Setidaknya 75 bursa aset kripto telah ditutup karena peretasan, penipuan atau menghilang begitu saja karena alasan yang tidak diketahui, selama tahun 2020 ini.
Menurut Crypto Wisser Exchange Graveyard, lima bursa berkategori penipuan dan empat di antaranya adalah Altsbit dan Nerae, ditandai sebagai diretas.
Total 31 ditutup secara oleh perusahaan pengelola, sementara 34 diberi label sebagai “MIA”, karena menghilang tanpa penjelasan.
Bursa asal Belanda, NLexch dan Chili Chilebit adalah satu-satunya dua yang ditandai ditutup oleh pemerintah masing-masing pada tahun 2020.

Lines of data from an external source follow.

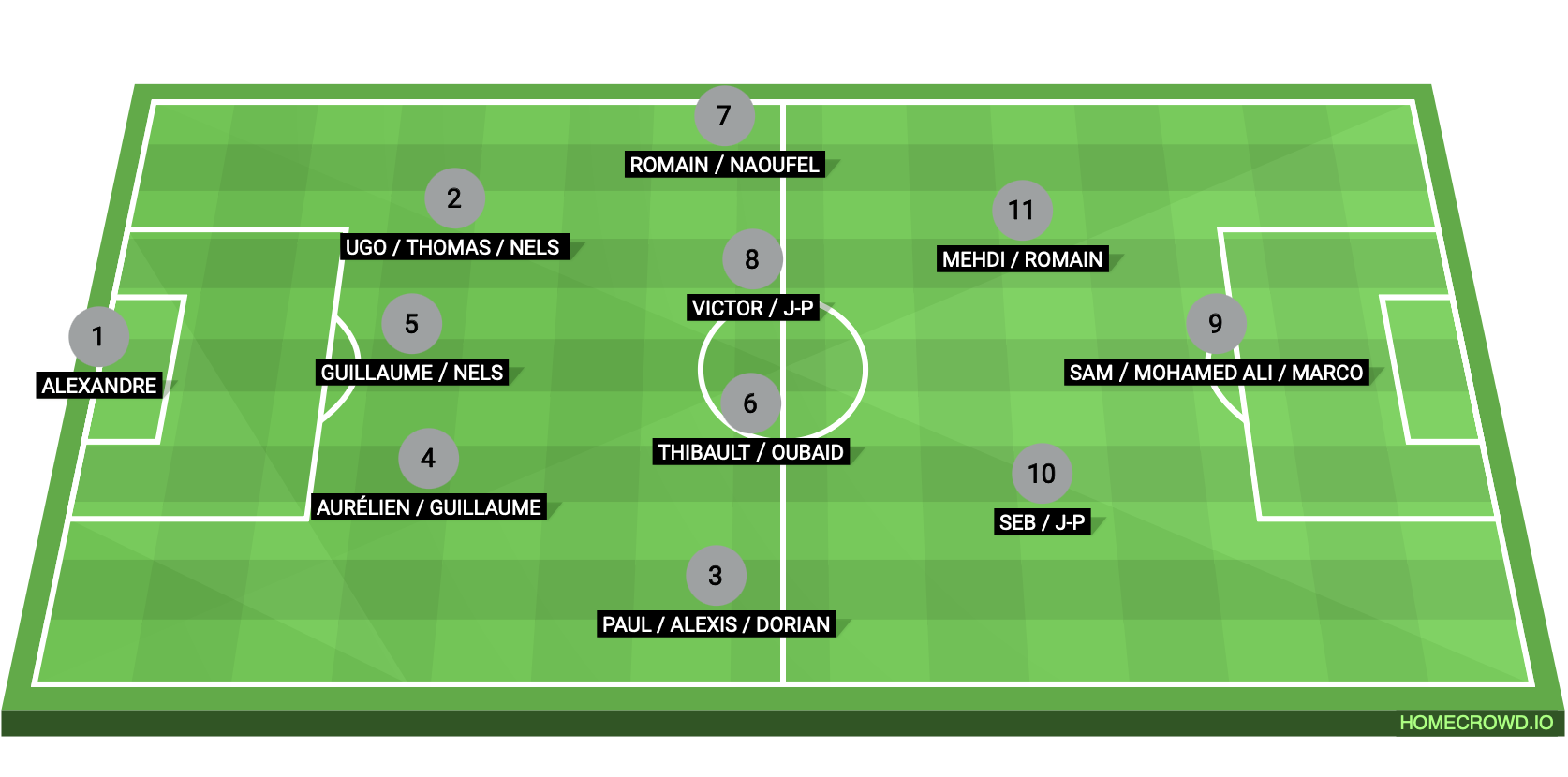 Football formation lineup ESS SARTROUVILLE
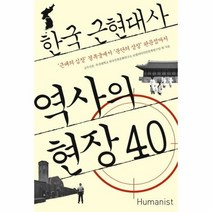 역사의 현장40 한국 근현대사, 상품명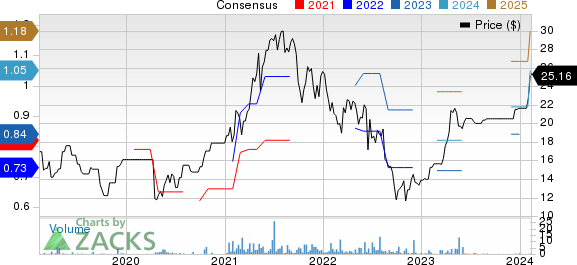 Demant A/S Unsponsored ADR Price and Consensus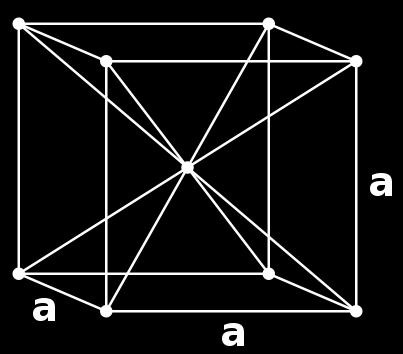Simple Cubic (SC)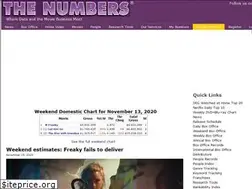 Sites similar to the-numbers.com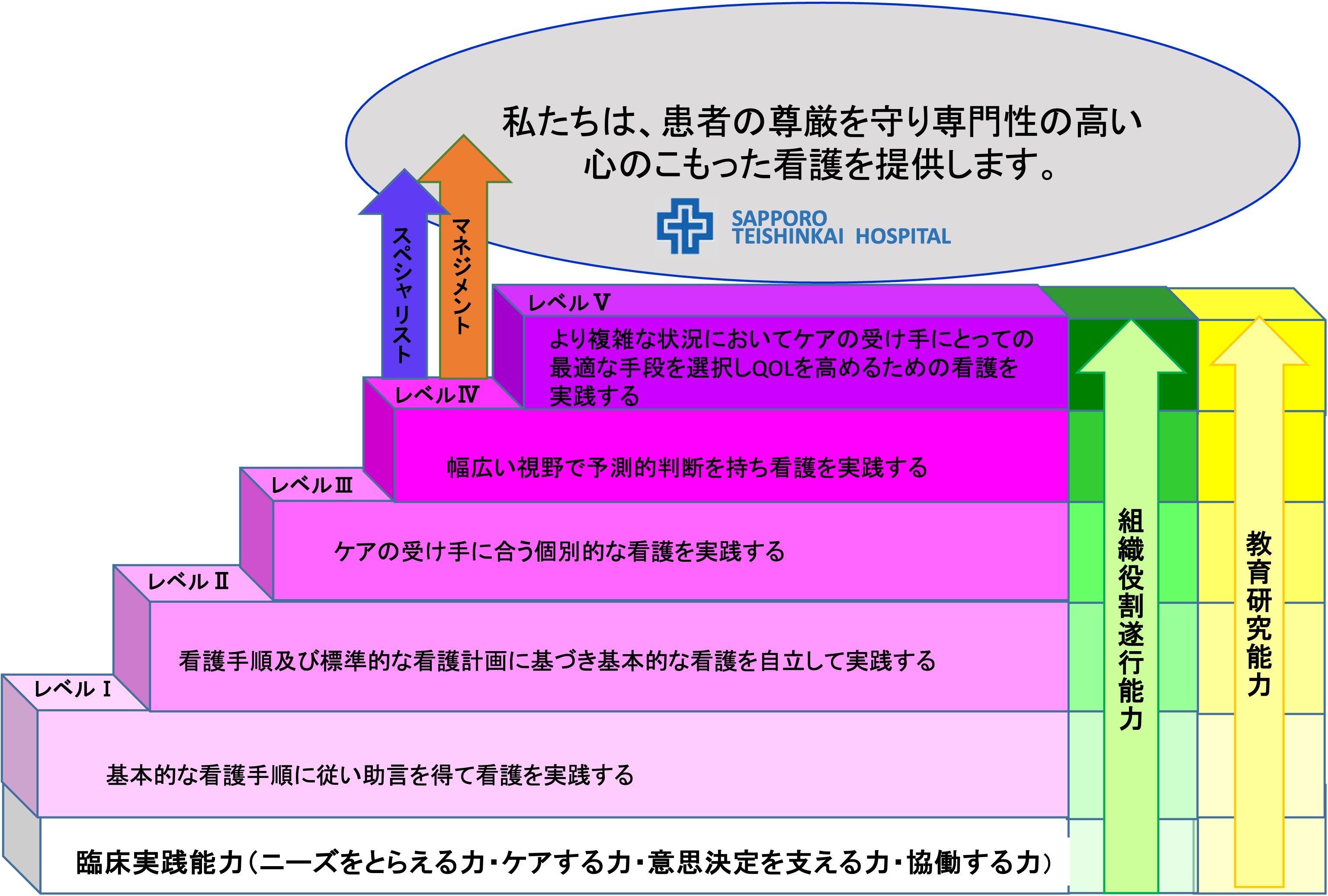 キャリアラダー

Ada sejumlah tren makro yang membantu menjelaskan mengapa begitu banyak bursa yang lebih kecil gagal.
Pertumbuhan DeFi dan kebangkitan bursa desentralistik (DEX) pada tahun 2020 dianggap sebagai faktor besar bursa gulung tikar.

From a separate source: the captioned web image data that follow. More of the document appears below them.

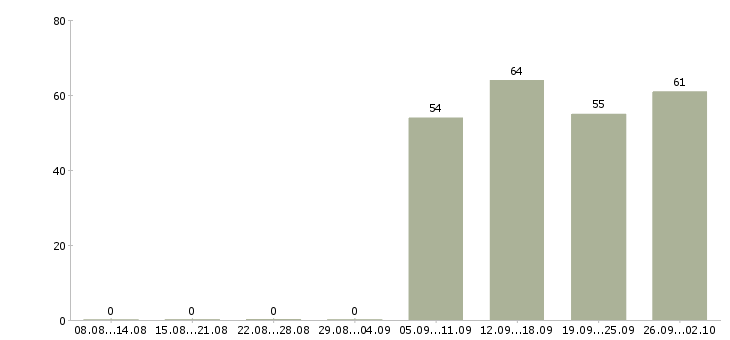 Работа руководитель офиса продаж в Архангельске - Число вакансий в Архангельске по специальности руководитель офиса продаж за 2 месяца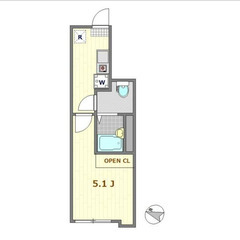 【🔑入居費用16万円🔑】✨物件数No.1✨ 🔥東急世⽥⾕線 世⽥...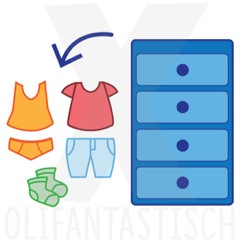 reguleren Formuleren Let op Dagritme magneet voor planbord | pictogram kleding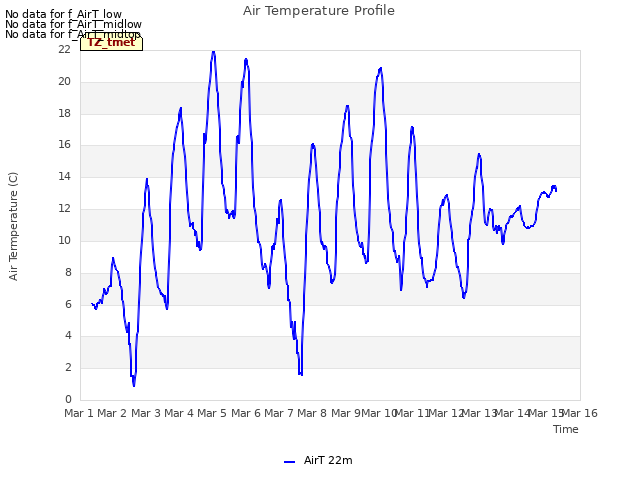 plot of Air Temperature Profile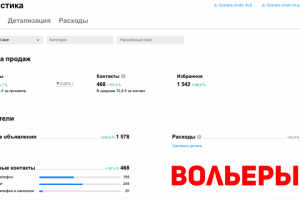 Вольеры для собак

Tekanan dari peraturan oleh pemerintah, juga telah meningkat sejak hari-hari awal industri dan banyak bursa belum mampu memenuhi persyaratan. Peretasan dan penipuan juga disebut-sebut sebagai masalah yang besar bagi bursa.
Dua bursa yang jadi pusat perhatian adalah Bitmex dan KuCoin. Bitmex baru-baru ini dicap ilegal oleh Pemerintah AS, karena dianggap lalai soal perizinan, termasuk tidak menerapkan prinsip KYC dan peraturan anti pencucian uang.
Pengguna Tarik Bitcoin (BTC) Rp6,5 Triliun, Setelah Bitmex Dicap Ilegal
Sedangkan Kucoin terlilit masalah peretasan yang bernilai triliun rupiah pada September 2020 lalu. Kendati kerugian sangat besar, pihak Kucoin menjamin menggantirugi dana milik penggunanya.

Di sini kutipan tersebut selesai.